Biodynamie et sciences exactes, deux conceptions opposées du monde ?

 

Pour approfondir le sujet, M. Humbrecht a précisé pour nous la notion de biodynamie telle qu’il l’entend :

 

 »Il ne faut pas oublier que la bio-dynamie se fonde sur l’observation de la nature et de la vie au fil de l’évolution.

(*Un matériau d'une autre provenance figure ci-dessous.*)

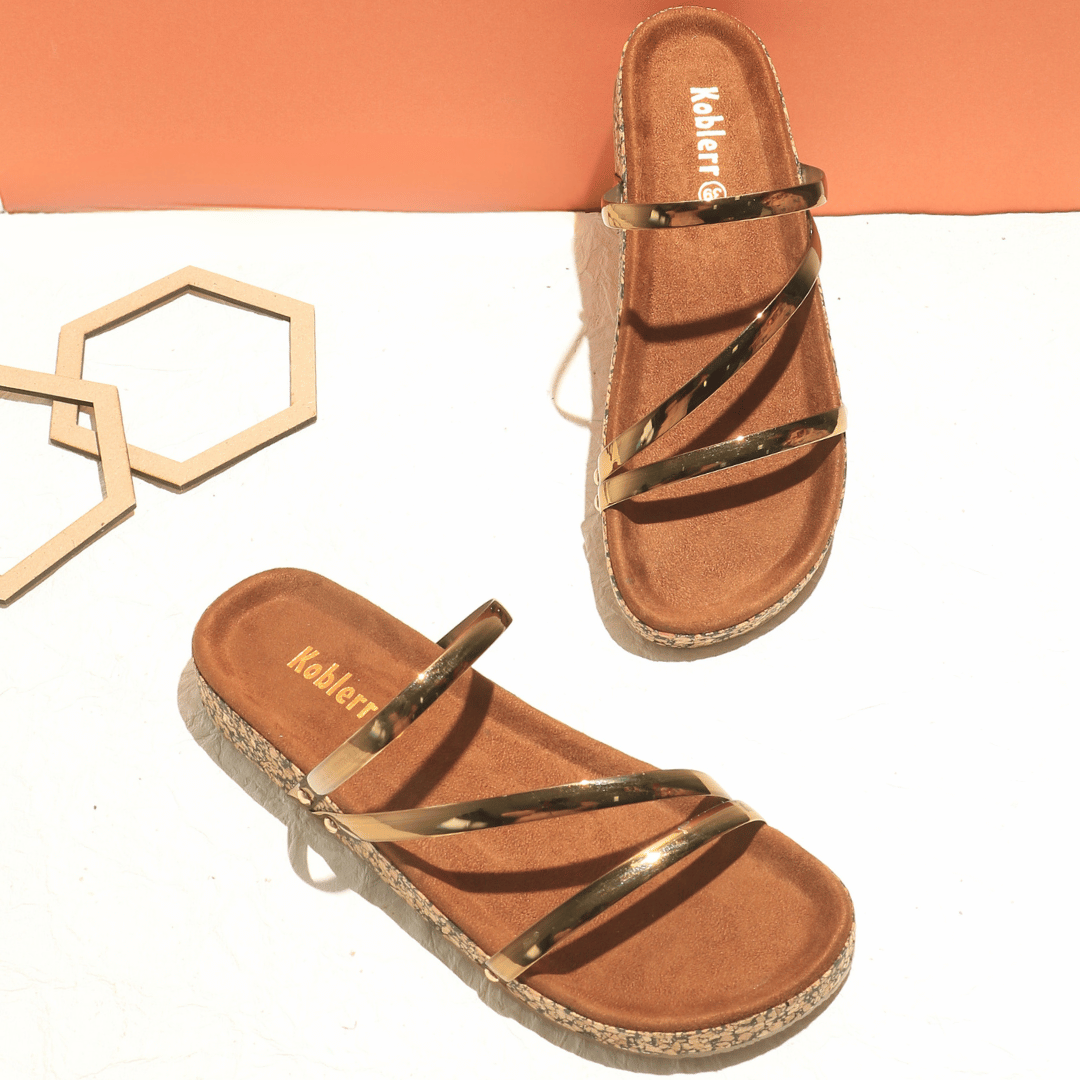 Copper Strappy Sandals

L’absence de compréhension de certains phénomènes naturels, dont beaucoup sont aujourd’hui connus, et la volonté d’y mettre un vocabulaire, se sont pratiquement toujours traduites par l’utilisation de descripteurs tels que divinités, dieux, influences planétaires… La bio-dynamie attache en effet une grande importance aux influences planétaires, car à l’origine chaque planète était la représentation d’un dieu issu de la mythologie, qui influençait la vie sur terre.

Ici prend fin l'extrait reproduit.